Como se sabe, para conciliar, como para bailar tango, se necesitan dos, y uno de los dos, la ultraderecha, ha elegido el camino provocador de los hechos consumados. Eso haría ilusoria toda concesión importante por parte del gobierno, sin hablar de que la autonomía debe adaptarse a la Constitución y no viceversa, y sin mencionar tampoco el hecho de que, en la celebración del triunfo en La Paz, los que votaron por Evo gritaban: “¡mano dura!”, “¡mano dura!”, sacando sus propias conclusiones del resultado electoral.

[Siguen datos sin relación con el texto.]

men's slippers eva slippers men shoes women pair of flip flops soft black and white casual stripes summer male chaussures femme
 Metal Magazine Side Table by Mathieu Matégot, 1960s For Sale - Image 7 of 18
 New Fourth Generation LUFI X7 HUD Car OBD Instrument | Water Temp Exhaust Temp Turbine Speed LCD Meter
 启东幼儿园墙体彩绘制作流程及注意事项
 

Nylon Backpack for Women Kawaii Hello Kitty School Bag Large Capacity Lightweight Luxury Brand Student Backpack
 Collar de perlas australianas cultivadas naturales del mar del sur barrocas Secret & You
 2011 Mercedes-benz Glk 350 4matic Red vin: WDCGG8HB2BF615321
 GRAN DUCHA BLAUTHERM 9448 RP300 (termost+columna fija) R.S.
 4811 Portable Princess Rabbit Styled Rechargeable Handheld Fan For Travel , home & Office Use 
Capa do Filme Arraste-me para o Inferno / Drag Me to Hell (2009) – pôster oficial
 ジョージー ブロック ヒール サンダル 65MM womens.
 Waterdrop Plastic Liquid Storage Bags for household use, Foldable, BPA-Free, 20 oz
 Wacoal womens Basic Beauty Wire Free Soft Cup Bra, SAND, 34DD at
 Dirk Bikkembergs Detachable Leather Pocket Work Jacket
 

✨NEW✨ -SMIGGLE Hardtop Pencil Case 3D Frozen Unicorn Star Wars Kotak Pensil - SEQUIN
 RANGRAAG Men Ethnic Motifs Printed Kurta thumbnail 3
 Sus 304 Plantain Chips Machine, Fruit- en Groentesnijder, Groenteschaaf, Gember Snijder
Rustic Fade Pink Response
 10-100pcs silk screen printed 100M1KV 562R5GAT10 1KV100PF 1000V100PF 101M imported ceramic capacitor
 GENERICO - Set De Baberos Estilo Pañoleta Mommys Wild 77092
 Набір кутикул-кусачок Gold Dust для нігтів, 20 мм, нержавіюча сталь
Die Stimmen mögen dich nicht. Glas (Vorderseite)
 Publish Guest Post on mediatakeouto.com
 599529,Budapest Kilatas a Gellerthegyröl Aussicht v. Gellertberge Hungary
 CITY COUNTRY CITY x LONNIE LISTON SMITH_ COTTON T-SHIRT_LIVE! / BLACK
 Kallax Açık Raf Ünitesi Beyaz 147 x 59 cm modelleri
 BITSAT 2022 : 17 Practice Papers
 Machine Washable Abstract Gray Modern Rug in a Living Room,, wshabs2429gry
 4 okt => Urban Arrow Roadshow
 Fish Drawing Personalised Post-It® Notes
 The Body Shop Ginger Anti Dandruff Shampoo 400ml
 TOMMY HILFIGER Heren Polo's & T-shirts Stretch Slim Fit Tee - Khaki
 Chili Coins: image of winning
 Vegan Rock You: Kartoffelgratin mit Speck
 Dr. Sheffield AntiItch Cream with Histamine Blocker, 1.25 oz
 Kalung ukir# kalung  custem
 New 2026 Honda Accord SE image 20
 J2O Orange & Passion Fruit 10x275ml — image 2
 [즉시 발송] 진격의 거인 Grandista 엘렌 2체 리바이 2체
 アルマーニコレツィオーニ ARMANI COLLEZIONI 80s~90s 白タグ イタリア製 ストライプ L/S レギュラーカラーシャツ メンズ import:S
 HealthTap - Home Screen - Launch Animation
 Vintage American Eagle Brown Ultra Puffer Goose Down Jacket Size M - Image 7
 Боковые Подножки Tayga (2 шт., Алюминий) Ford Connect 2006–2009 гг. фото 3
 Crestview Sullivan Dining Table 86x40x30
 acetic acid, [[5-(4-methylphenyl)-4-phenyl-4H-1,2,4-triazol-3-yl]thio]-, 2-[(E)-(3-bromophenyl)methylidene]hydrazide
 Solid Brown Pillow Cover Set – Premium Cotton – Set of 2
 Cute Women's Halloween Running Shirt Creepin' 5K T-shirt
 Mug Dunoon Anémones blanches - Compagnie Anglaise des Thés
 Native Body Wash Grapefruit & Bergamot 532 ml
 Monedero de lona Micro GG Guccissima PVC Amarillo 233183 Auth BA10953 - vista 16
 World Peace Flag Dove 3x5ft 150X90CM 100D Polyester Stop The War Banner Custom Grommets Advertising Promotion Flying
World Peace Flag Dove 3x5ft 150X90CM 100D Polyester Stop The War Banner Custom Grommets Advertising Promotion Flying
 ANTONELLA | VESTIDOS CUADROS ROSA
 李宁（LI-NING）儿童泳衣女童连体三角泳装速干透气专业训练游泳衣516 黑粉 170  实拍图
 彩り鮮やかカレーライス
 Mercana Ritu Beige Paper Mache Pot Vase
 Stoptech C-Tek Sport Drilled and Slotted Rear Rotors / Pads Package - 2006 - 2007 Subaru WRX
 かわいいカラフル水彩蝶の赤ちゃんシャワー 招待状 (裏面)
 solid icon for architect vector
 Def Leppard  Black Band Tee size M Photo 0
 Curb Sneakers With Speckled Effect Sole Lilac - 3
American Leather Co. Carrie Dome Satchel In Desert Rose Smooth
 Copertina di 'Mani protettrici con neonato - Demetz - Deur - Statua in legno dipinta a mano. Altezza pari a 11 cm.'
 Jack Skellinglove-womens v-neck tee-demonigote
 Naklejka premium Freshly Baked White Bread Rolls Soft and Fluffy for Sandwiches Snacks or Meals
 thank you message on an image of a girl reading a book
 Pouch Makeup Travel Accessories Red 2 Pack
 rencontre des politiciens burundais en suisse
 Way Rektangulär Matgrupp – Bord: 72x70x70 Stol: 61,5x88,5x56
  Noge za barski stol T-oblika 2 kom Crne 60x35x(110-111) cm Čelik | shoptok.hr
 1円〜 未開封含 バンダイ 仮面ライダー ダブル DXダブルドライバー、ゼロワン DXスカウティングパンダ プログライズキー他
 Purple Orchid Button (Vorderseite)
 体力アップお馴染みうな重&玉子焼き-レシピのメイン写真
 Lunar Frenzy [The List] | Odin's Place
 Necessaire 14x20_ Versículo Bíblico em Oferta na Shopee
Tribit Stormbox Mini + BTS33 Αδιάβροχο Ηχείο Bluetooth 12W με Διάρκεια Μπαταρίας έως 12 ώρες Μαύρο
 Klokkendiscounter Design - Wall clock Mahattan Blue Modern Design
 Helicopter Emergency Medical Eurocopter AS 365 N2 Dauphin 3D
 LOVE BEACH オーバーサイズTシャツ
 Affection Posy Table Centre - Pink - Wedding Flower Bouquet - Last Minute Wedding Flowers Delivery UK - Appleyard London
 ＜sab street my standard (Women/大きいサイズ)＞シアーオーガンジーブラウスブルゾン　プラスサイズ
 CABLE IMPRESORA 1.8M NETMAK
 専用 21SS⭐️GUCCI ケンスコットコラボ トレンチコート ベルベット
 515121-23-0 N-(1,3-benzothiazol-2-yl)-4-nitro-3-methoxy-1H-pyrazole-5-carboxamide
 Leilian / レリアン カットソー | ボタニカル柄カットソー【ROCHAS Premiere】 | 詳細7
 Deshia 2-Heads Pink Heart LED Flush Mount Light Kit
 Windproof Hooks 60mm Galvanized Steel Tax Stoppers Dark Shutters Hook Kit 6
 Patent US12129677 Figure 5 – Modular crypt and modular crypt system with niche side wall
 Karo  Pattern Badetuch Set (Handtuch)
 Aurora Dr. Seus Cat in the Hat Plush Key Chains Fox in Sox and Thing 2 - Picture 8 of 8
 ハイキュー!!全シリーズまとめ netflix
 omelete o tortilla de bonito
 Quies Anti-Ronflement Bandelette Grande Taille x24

La revolución boliviana es, al mismo tiempo, una revolución descolonizadora (por la igualdad de todos los bolivianos y su incorporación como ciudadanos plenos a un Estado plurinacional), una revolución democrática (por el estado de derecho, la limpieza del aparato judicial, la revolución agraria, la soberanía alimentaria, la independencia del país frente al imperialismo) y, en su dinámica aunque no en la conciencia de sus protagonistas, una revolución anticapitalista. No se enfrentan un proyecto neoliberal moderno y otro arcaico, de retorno al Tawantisuyo, sino un proyecto conservador del colonialismo y otro modernísimo de superación del capitalismo. A 68 años del asesinato de León Trotsky, esta revolución confirma su teoría de la revolución permanente: para garantizar la tierra o una pensión a los ancianos, hay que avanzar hacia el socialismo.
Pero para eso se necesita elevar la conciencia de lo que está en juego en ese casi 68 por ciento que votó por las dos primeras revoluciones y separar de la ultraderecha parte de los que la apoyaron porque desean mayor autonomía local dentro de Bolivia (pero no se plantean, como los prefectos, crear miniestados secesionistas). En el terreno resbaladizo de las negociaciones entre pocos hay un peligroso margen para la imposible búsqueda de la “unidad nacional” y entre las clases, cuando hay que crear, en cambio, la unidad entre todos los explotados, oprimidos o subordinados frente a las clases dominantes nacionales y el imperialismo, que ya está planeando cómo “tumbar al indio”.